- [What you are asked to do]: Whatever the records contain, reproduce all of them exactly.

======== Extracted data ========

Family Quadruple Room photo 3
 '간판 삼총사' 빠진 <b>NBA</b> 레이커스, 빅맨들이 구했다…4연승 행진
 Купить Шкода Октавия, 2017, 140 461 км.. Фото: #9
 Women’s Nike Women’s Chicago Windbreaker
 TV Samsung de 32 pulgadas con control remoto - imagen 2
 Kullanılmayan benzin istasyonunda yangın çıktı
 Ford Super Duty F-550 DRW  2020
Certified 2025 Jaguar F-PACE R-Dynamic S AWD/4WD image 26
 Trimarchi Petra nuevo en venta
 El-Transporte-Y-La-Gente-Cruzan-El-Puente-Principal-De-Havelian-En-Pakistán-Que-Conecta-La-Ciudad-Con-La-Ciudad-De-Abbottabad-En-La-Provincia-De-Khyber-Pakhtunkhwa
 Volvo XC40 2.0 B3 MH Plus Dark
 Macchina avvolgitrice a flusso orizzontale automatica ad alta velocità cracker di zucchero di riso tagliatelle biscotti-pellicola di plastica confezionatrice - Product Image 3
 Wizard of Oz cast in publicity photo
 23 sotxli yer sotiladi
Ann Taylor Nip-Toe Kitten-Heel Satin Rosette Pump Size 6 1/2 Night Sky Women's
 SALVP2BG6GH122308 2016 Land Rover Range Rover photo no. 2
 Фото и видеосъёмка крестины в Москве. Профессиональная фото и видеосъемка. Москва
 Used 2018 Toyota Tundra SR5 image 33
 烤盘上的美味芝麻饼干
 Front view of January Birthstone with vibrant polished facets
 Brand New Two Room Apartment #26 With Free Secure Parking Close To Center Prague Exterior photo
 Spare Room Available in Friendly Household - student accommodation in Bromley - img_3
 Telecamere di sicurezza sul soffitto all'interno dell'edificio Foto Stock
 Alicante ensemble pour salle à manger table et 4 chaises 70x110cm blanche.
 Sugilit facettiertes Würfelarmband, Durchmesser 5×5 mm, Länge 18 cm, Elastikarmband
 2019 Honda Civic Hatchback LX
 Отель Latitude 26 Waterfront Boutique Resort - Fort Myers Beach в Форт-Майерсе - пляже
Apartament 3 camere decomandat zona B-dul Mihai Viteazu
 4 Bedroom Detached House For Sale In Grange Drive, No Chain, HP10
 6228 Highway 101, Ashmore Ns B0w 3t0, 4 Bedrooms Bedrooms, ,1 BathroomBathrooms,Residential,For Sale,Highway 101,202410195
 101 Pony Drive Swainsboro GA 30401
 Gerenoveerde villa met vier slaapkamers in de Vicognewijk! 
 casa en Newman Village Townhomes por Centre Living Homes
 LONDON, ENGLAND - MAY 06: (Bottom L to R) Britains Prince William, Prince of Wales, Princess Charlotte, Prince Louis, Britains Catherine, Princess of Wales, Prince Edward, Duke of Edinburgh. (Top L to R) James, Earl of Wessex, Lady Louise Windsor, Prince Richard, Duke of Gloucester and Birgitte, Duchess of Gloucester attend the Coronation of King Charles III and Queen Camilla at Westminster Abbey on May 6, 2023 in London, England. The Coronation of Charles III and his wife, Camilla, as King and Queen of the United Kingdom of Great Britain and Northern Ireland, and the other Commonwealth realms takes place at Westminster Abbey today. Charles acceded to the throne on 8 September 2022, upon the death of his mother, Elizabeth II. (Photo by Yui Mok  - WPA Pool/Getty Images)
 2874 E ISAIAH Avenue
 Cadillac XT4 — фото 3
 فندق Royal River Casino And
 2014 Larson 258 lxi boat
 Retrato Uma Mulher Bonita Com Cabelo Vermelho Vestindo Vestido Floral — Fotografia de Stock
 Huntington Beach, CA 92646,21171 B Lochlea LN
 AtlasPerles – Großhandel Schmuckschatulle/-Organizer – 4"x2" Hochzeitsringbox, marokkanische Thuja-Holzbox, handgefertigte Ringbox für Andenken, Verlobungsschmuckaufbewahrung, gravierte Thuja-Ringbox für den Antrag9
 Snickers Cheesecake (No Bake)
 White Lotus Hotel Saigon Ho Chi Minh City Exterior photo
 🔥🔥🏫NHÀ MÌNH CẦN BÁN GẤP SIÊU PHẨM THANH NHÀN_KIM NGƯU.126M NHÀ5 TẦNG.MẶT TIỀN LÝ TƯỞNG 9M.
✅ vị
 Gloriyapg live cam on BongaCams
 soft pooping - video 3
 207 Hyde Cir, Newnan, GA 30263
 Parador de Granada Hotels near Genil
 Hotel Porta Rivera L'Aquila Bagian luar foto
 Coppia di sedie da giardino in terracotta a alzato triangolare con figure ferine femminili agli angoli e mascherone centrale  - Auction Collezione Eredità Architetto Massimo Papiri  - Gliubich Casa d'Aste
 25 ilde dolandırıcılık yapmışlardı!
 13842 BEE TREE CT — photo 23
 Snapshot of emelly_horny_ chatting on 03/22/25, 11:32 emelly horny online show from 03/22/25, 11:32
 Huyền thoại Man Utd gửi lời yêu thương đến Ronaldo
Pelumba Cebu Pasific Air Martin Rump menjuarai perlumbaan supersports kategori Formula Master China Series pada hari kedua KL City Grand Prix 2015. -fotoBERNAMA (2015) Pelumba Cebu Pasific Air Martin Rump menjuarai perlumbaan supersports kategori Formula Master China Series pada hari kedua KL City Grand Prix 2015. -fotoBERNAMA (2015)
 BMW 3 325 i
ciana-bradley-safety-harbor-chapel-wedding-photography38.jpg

========

- [Problem solution]:
Family Quadruple Room photo 3
 '간판 삼총사' 빠진 <b>NBA</b> 레이커스, 빅맨들이 구했다…4연승 행진
 Купить Шкода Октавия, 2017, 140 461 км.. Фото: #9
 Women’s Nike Women’s Chicago Windbreaker
 TV Samsung de 32 pulgadas con control remoto - imagen 2
 Kullanılmayan benzin istasyonunda yangın çıktı
 Ford Super Duty F-550 DRW  2020
Certified 2025 Jaguar F-PACE R-Dynamic S AWD/4WD image 26
 Trimarchi Petra nuevo en venta
 El-Transporte-Y-La-Gente-Cruzan-El-Puente-Principal-De-Havelian-En-Pakistán-Que-Conecta-La-Ciudad-Con-La-Ciudad-De-Abbottabad-En-La-Provincia-De-Khyber-Pakhtunkhwa
 Volvo XC40 2.0 B3 MH Plus Dark
 Macchina avvolgitrice a flusso orizzontale automatica ad alta velocità cracker di zucchero di riso tagliatelle biscotti-pellicola di plastica confezionatrice - Product Image 3
 Wizard of Oz cast in publicity photo
 23 sotxli yer sotiladi
Ann Taylor Nip-Toe Kitten-Heel Satin Rosette Pump Size 6 1/2 Night Sky Women's
 SALVP2BG6GH122308 2016 Land Rover Range Rover photo no. 2
 Фото и видеосъёмка крестины в Москве. Профессиональная фото и видеосъемка. Москва
 Used 2018 Toyota Tundra SR5 image 33
 烤盘上的美味芝麻饼干
 Front view of January Birthstone with vibrant polished facets
 Brand New Two Room Apartment #26 With Free Secure Parking Close To Center Prague Exterior photo
 Spare Room Available in Friendly Household - student accommodation in Bromley - img_3
 Telecamere di sicurezza sul soffitto all'interno dell'edificio Foto Stock
 Alicante ensemble pour salle à manger table et 4 chaises 70x110cm blanche.
 Sugilit facettiertes Würfelarmband, Durchmesser 5×5 mm, Länge 18 cm, Elastikarmband
 2019 Honda Civic Hatchback LX
 Отель Latitude 26 Waterfront Boutique Resort - Fort Myers Beach в Форт-Майерсе - пляже
Apartament 3 camere decomandat zona B-dul Mihai Viteazu
 4 Bedroom Detached House For Sale In Grange Drive, No Chain, HP10
 6228 Highway 101, Ashmore Ns B0w 3t0, 4 Bedrooms Bedrooms, ,1 BathroomBathrooms,Residential,For Sale,Highway 101,202410195
 101 Pony Drive Swainsboro GA 30401
 Gerenoveerde villa met vier slaapkamers in de Vicognewijk! 
 casa en Newman Village Townhomes por Centre Living Homes
 LONDON, ENGLAND - MAY 06: (Bottom L to R) Britains Prince William, Prince of Wales, Princess Charlotte, Prince Louis, Britains Catherine, Princess of Wales, Prince Edward, Duke of Edinburgh. (Top L to R) James, Earl of Wessex, Lady Louise Windsor, Prince Richard, Duke of Gloucester and Birgitte, Duchess of Gloucester attend the Coronation of King Charles III and Queen Camilla at Westminster Abbey on May 6, 2023 in London, England. The Coronation of Charles III and his wife, Camilla, as King and Queen of the United Kingdom of Great Britain and Northern Ireland, and the other Commonwealth realms takes place at Westminster Abbey today. Charles acceded to the throne on 8 September 2022, upon the death of his mother, Elizabeth II. (Photo by Yui Mok  - WPA Pool/Getty Images)
 2874 E ISAIAH Avenue
 Cadillac XT4 — фото 3
 فندق Royal River Casino And
 2014 Larson 258 lxi boat
 Retrato Uma Mulher Bonita Com Cabelo Vermelho Vestindo Vestido Floral — Fotografia de Stock
 Huntington Beach, CA 92646,21171 B Lochlea LN
 AtlasPerles – Großhandel Schmuckschatulle/-Organizer – 4"x2" Hochzeitsringbox, marokkanische Thuja-Holzbox, handgefertigte Ringbox für Andenken, Verlobungsschmuckaufbewahrung, gravierte Thuja-Ringbox für den Antrag9
 Snickers Cheesecake (No Bake)
 White Lotus Hotel Saigon Ho Chi Minh City Exterior photo
 🔥🔥🏫NHÀ MÌNH CẦN BÁN GẤP SIÊU PHẨM THANH NHÀN_KIM NGƯU.126M NHÀ5 TẦNG.MẶT TIỀN LÝ TƯỞNG 9M.
✅ vị
 Gloriyapg live cam on BongaCams
 soft pooping - video 3
 207 Hyde Cir, Newnan, GA 30263
 Parador de Granada Hotels near Genil
 Hotel Porta Rivera L'Aquila Bagian luar foto
 Coppia di sedie da giardino in terracotta a alzato triangolare con figure ferine femminili agli angoli e mascherone centrale  - Auction Collezione Eredità Architetto Massimo Papiri  - Gliubich Casa d'Aste
 25 ilde dolandırıcılık yapmışlardı!
 13842 BEE TREE CT — photo 23
 Snapshot of emelly_horny_ chatting on 03/22/25, 11:32 emelly horny online show from 03/22/25, 11:32
 Huyền thoại Man Utd gửi lời yêu thương đến Ronaldo
Pelumba Cebu Pasific Air Martin Rump menjuarai perlumbaan supersports kategori Formula Master China Series pada hari kedua KL City Grand Prix 2015. -fotoBERNAMA (2015) Pelumba Cebu Pasific Air Martin Rump menjuarai perlumbaan supersports kategori Formula Master China Series pada hari kedua KL City Grand Prix 2015. -fotoBERNAMA (2015)
 BMW 3 325 i
ciana-bradley-safety-harbor-chapel-wedding-photography38.jpg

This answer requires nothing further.